“Which is drawing very near, ’Squire; and I have some facts to communicate in that affair which it may be well to compare with the law, without much more delay.”
“Let us finish this bottle—if the boys help us, it will not be much more than a glass apiece.”
“I don’t think the ’Squire will ever be upheld at the polls by the Temperance people,” said Timms, filling his glass to the brim; for, to own the truth, it was seldom that he got such wine.

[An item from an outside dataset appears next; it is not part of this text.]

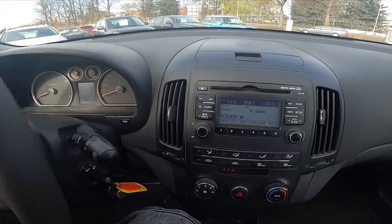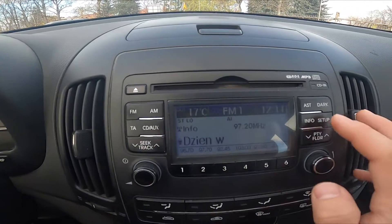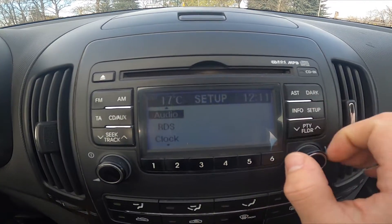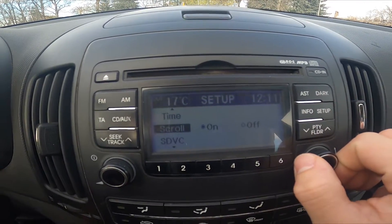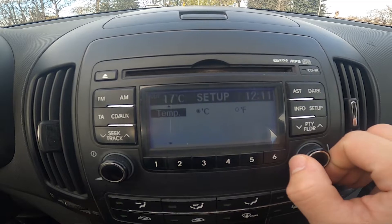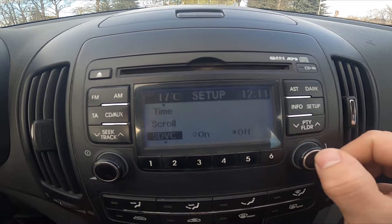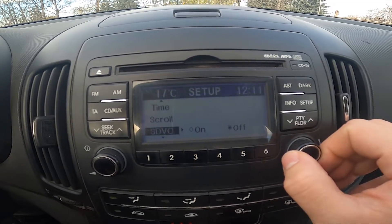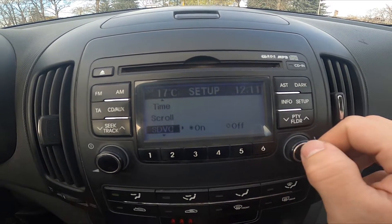In the beginning let's take a look at the radio panel and go to setup. Enter SDVC and select between on or off.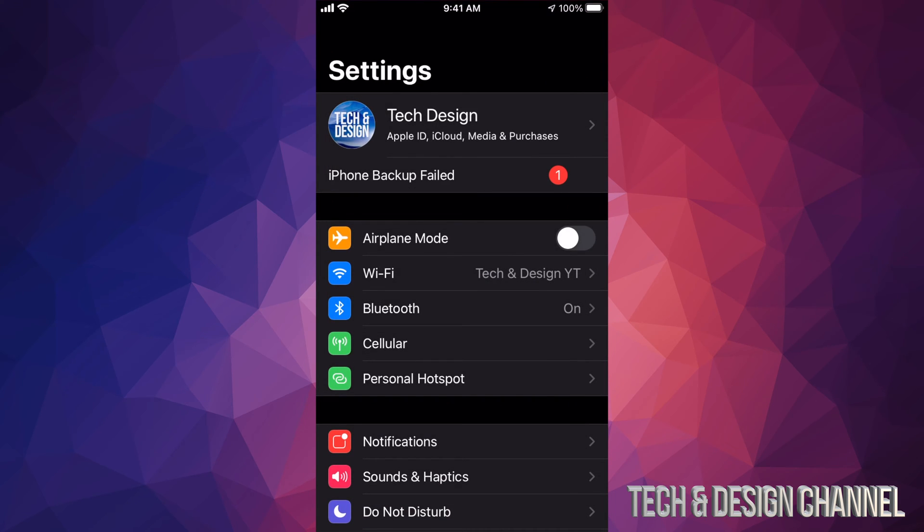In your settings, your first option will say Tech and Design or whatever name your device has. From there, make a backup using your iCloud. If you don't have enough iCloud space, don't worry - use your computer or iTunes to make that backup and update.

“As you are expecting to be held up by them, my fine fellow. I’ve heard of your management, master Timms, and am told you aspire as high as the State Senate. Well; there is room for better, but much worse men have been sent there. Now, let us go to what I call the ‘Rattletrap office.’”
CHAPTER XI.
“The strawberry grows underneath the nettle;
And wholesome berries thrive and ripen best,
Neighbour’d by fruit of baser quality.”
King Henry V.
There stood a very pretty pavilion in one of the groves of Rattletrap, overhanging the water, with the rock of the river-shore for its foundation. It had two small apartments, in one of which Dunscomb had caused a book-case, a table, a rocking-chair and a lounge to be placed. The other was furnished more like an ordinary summer-house, and was at all times accessible to the inmates of the family. The sanctum, or office, was kept locked; and here its owner often brought his papers, and passed whole days, during the warm months, when it is the usage to be out of town, in preparing his cases. To this spot, then, the counsellor now held his way, attended by Timms, having ordered a servant to bring a light and some segars; smoking being one of the regular occupations of the office. In a few minutes, each of the two men of the law had a segar in his mouth, and was seated at a little window that commanded a fine view of the Hudson, its fleet of sloops, steamers, tow-boats and colliers, and its high, rocky western shore, which has obtained the not inappropriate name of the Palisades.